Fig. 11 GCL と GS の活性が全く同等であるときの各化合物の濃度推移と両酵素の速度推移

 では実際の文献値に基づく値を代入した場合,各化合物の濃度推移はどうであろうか.基質濃度と酵素濃度は同様とし,ミカエリス定数と最大反応速度を文献値とした場合の結果が Fig. 12 である.左端の各化合物の濃度推移を見ればわかる通り,反応開始 250 分後でも約 75% しか反応が進行していない.γ-EC の濃度のみを取り出したものが中央の図であるが,ほぼ常にゼロであることがわかる.GCL, GS の反応速度はほぼ完全に重なり (右端),GCL が反応全体の律速段階であることが明らかである.

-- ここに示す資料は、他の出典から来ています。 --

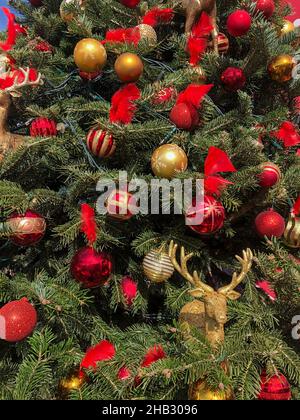 Noel Baum, geschmückter Weihnachtsbaum als Hintergrund für das neue Jahr. Weihnachtsbaum mit selektivem Fokus und Geräuscheffekten dekoriert rot und gelb ornam Stockfoto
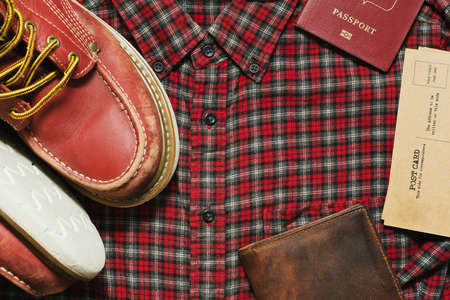 Old worn boots, leather wallet, vintage postcards and a passport on the checkered shirtの写真素材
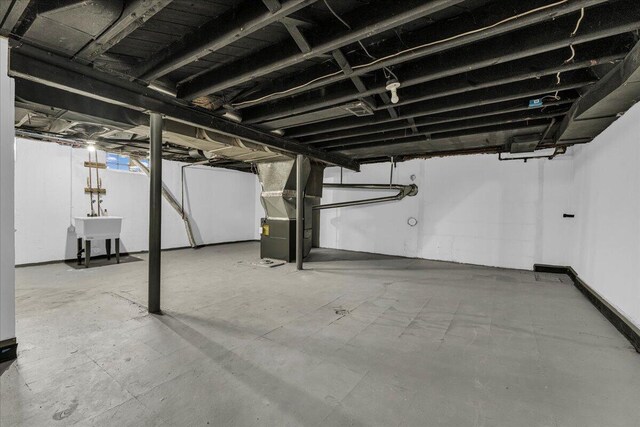 17217 Plainview Ave, Detroit, MI 48219 - unfinished below grade area featuring heating unit and a sink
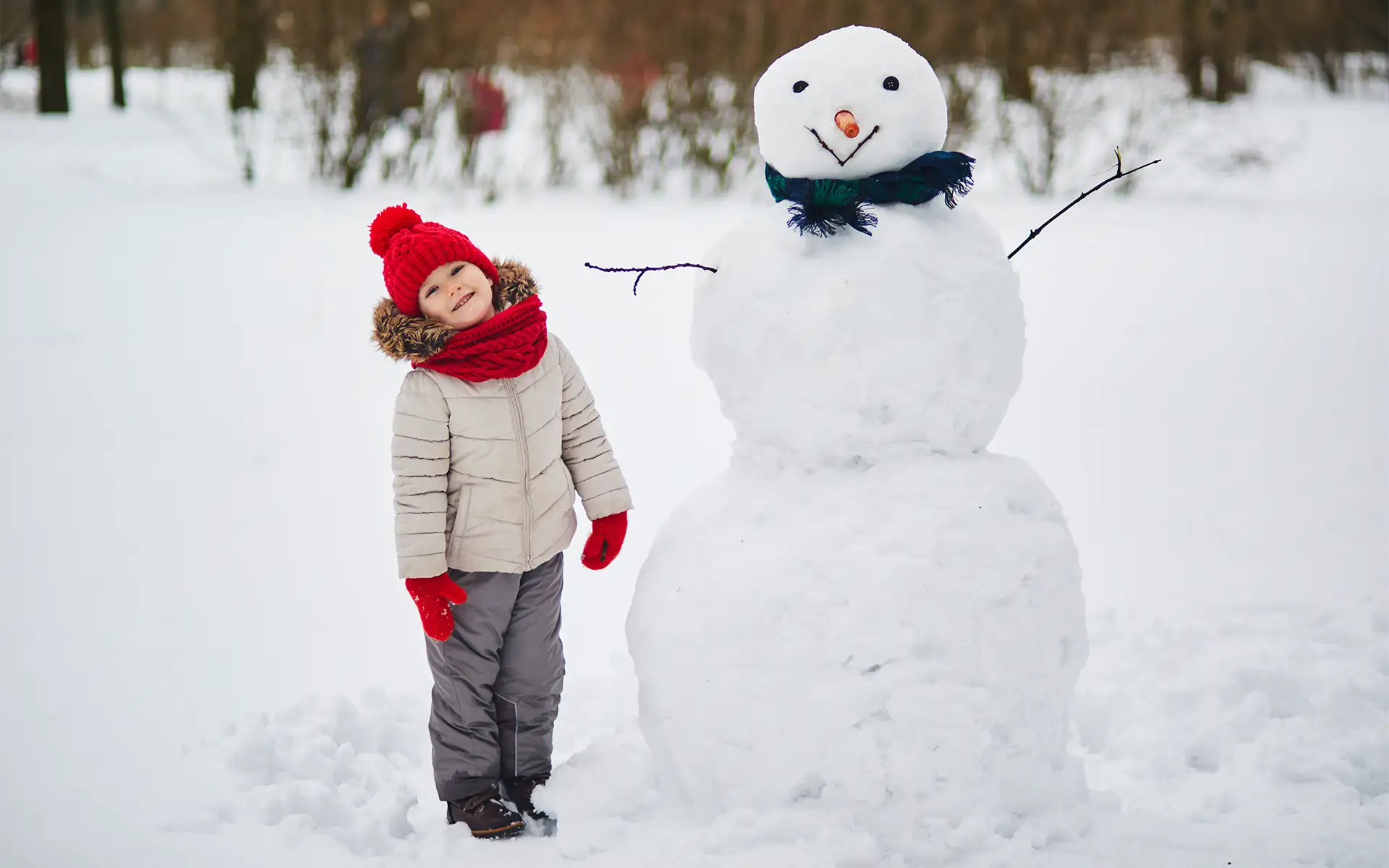Happy young child bundled in winter weather clothing and standing next to a snowman wearing a green scarf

Fig. 12 文献値を基にした GCL, GS 活性のときの各化合物の濃度推移と両酵素の速度推移

おわりに

 というわけで,GCL と GS の反応速度の違いをなんとなく体感できた.興味深いことに,Fig. 1 のヒト細胞の GSH 濃度と同じような条件 (0.5-10 mM) における γ-EC 濃度がヒト細胞で 0.007 mM に対し今回の反応系で 0.004 mM 前後とケタの範囲で同じくらいの結果となった.Glu, Cys, Gly, ATP, $${H_2O_2}$$ の濃度を一定とし,Glutathione-peroxidase を添加した時の平衡状態を求めたりすると面白かったかもしれないが Excel で遊ぶのはこのあたりが限界という気もする.余裕ができればもう少し遊んでみたい.